# coolest thing in sports



## min0 lee (Jun 18, 2005)

What do you guys think is the coolest thing in sports? 


I personally think a walk off homer is by far the coolest thing in sports. But what do you all think?


Slam dunk, a hole in one, knock out?


----------



## cappo5150 (Jun 18, 2005)

A grand slam in the bottom of the 9th.  Or a hail mary with seconds left on the clock.


----------



## min0 lee (Jun 18, 2005)

cappo5150 said:
			
		

> A grand slam in the bottom of the 9th.  Or a hail mary with seconds left on the clock.


Niceeeeeeee


----------



## GFR (Jun 18, 2005)

The ring girls between rounds....not the skinny ones in American fights but the big butt girls in Mexico and south America. I also like the Knock outs in the actual sport too.


----------



## The Monkey Man (Jun 18, 2005)

When professional athletes keep their mouth's Shut at a press conference!


----------



## Doublebase (Jun 20, 2005)

A great run in football.  Spinning, juking, hoping, shoulder charging.  They are so fast too.  Like that running back from San Diego.  Tomilson, I think thats his name.


----------



## NeedMuscleMass (Jun 20, 2005)

Doublebase said:
			
		

> A great run in football.  Spinning, juking, hoping, shoulder charging.  They are so fast too.  Like that running back from San Diego.  Tomilson, I think thats his name.



yup.. lt is nasty


----------



## min0 lee (Jun 20, 2005)

ForemanRules said:
			
		

> The ring girls between rounds....not the skinny ones in American fights but the big butt girls in Mexico and south America.
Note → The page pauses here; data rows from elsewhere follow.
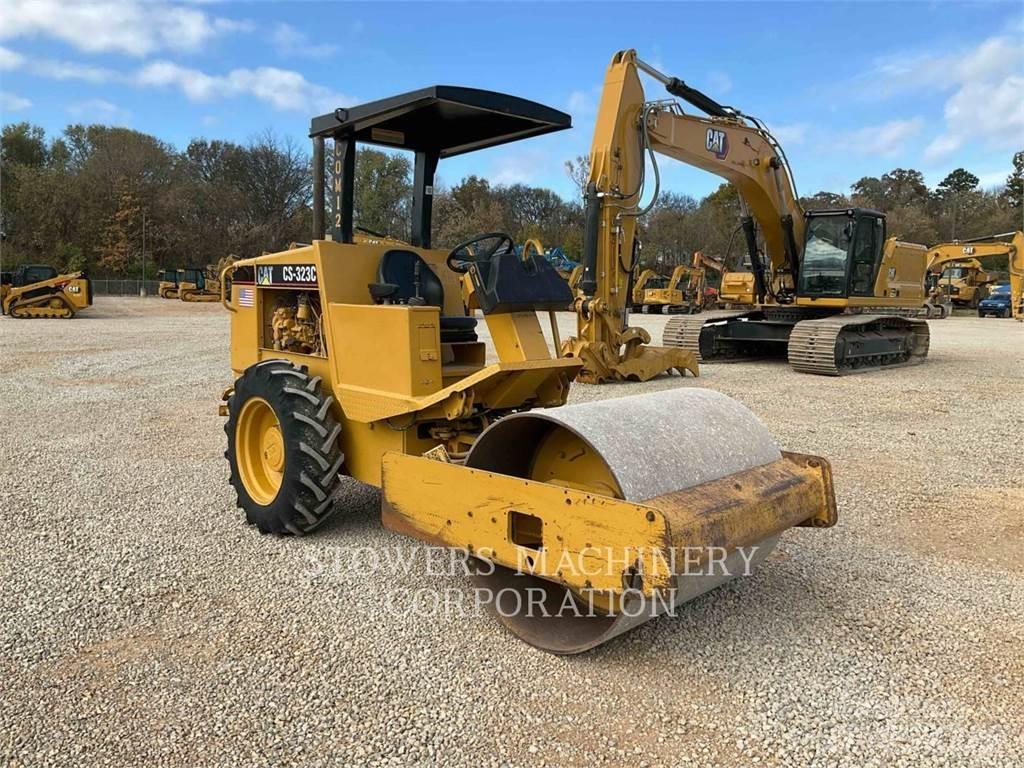 CAT CS323C Compactadores para terra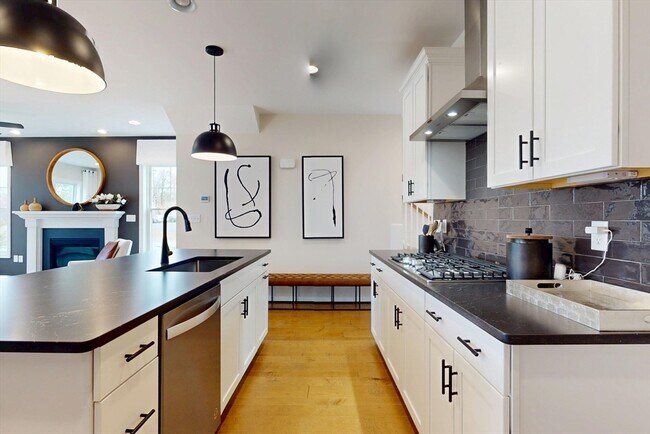 Building Photo - 129 Cold Brk Dr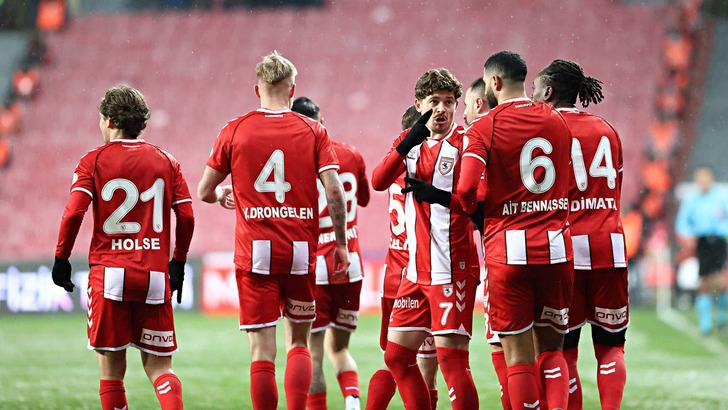 Samsunspor Başkanı Yüksel Yıldırım Galatasaray maçı öncesi şampiyon olmasını istediği takımı açıkladı!  G2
I also like the Knock outs in the actual sport too.


----------



## cappo5150 (Jun 20, 2005)

I changed my mind, I'll go with the ring girls instead.


----------



## min0 lee (Jun 20, 2005)




----------



## ReelBigFish (Jun 22, 2005)

When a running back tries to jump over a defender and gets chopped at the legs and does a flip........but the ring girls are definately numero uno.


----------